Amen Bill. Thanks for saying what you said. This Barnes thing leaves much to be desired. Look at Gerry Lenfest? Causing all that trouble over at Valley Forge and writing a bIG check for this? And the Pew Trusts? What do they get? And Lenore Annenberg? Is it true her late husband hated Dr. Barnes? And the relationships involved with those on the Barnes Board, their other Philly affiliations, Barnes related lawyers, etc, etc should be looked into by the Attorney General, but will he?

Jim Matthews is chief asshat and bottlewasher. Hoeffel is just jumping on the Castor bandwagon to try to earn brownie points. However today was like the last day to file for reconsideration in front of Judge Ott, right?

Who looks into Montco Judges? Maybe Ott needs a little light on him?

Philadelphia Society at the time shunned Dr. Barnes and mocked his art purchases...now they want them. Greedy bast@rds. Hope they choke on their checkbooks. Interesting how Barnes used to be NOCD (Not Our Class Darling), now he is all the rage?

Lisa said...

On June 5, Anonymous said "I find it hard (sic)that money should be spent fighting a move that in the end benefits the culture of all.

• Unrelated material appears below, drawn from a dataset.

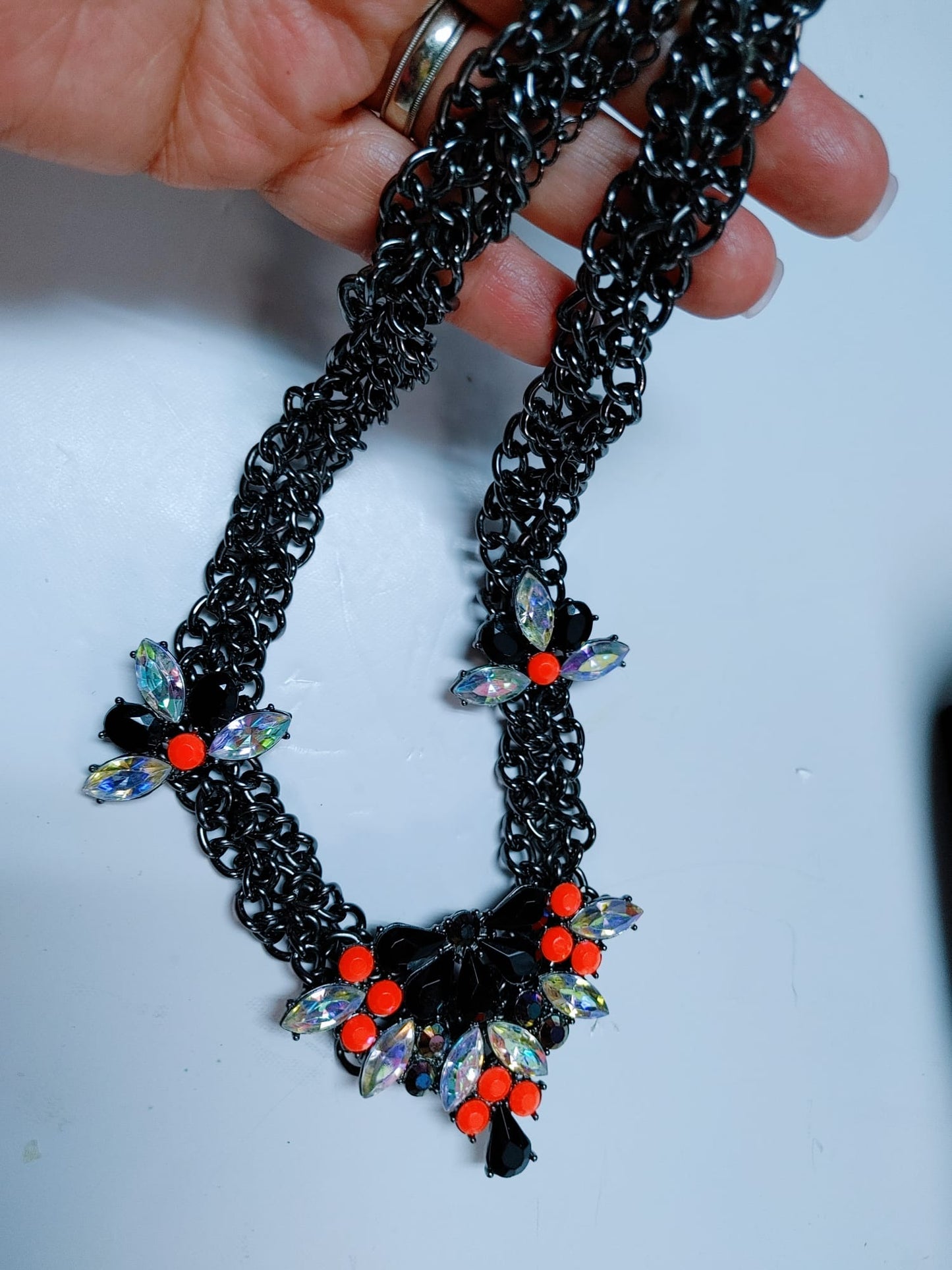 ALDO Chain Statement Necklace Embellished Crystals Chunky Braided Silver Neon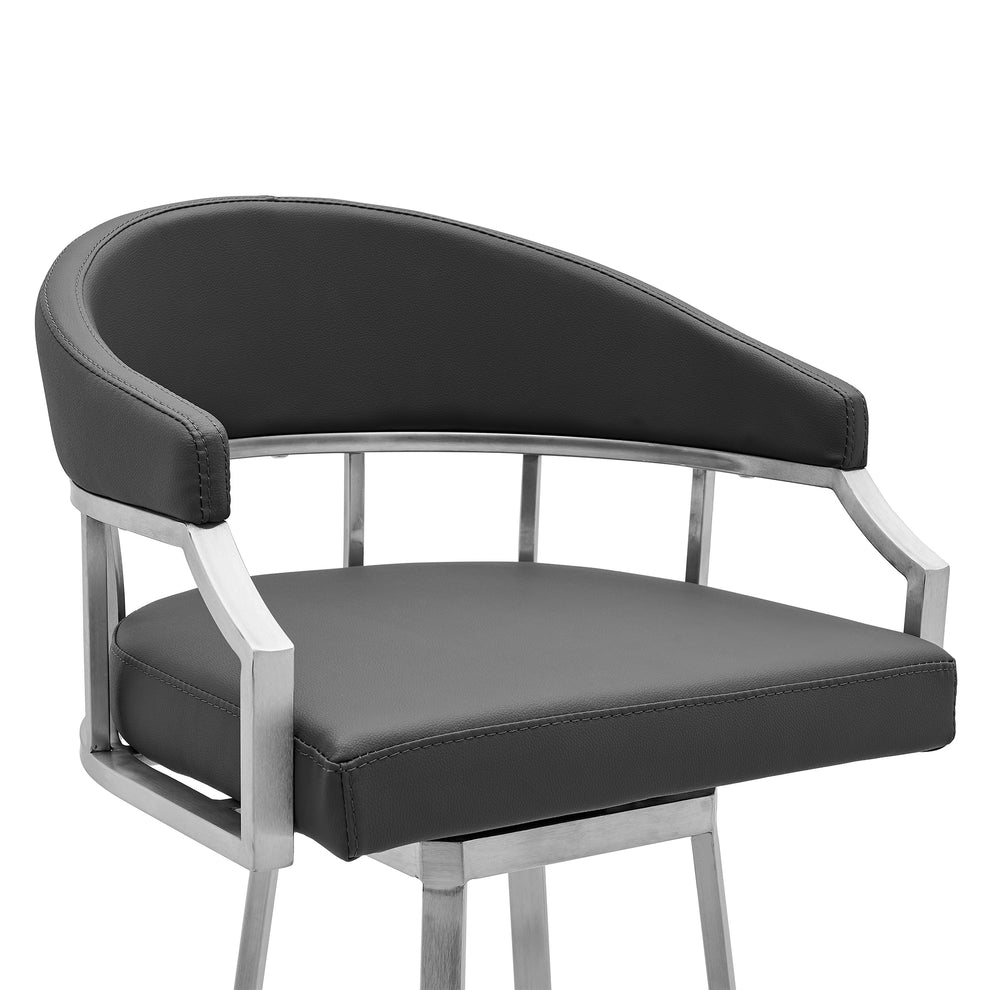 Palmdale Swivel Modern Slate Grey Faux Leather 30" Barstool in Brushed Stainless Steel Finish By Armen Living | Bar Stools | Modishstore - 5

In the end tens of millions more people will get to see the paintings in a recreated atmosphere they were meant to be - european gallery with the art hanging from floor to ceiling on all walls - in a recreated museum on the Parkway."

Isn't this classic socialist justification of wealth redistribution? Not sure if Anonymous is a dyed-in-the-wool socialist or not, but his argument for divesting private property for the "public good" sure is.

PetraRM said...

"I find it hard that money should be spent fighting a move that in the end benefits the culture of all."

Go read about the destruction of Penn Station. Huge benefits to the community of a new sports venue in a run-down, undeveloped part of town, in a station that hardly anyone was using any more. Ask today's New Jersey commuters how much they benefit. "One entered the city like a god; one scuttles in now like a rat."

Go read about Duke Gardens just 60 miles away in New Jersey. What a fabulous idea to make the whole property a 'Green Beacon'. Oh, and by the way, that means destroying the internationally renowned Gardens personally created by the woman who left the estate plus a billion dollars to charity. And yes, using her money to do it.

Go read about the Buddhas of Bamyan. Mullah Mohammad Omar provides some quite reasonable social reasons for the Taliban destroying the 1400 year old statues.

Always looks as if it's being done for the benefit of the community - on paper. You can fool all of the people some of the time.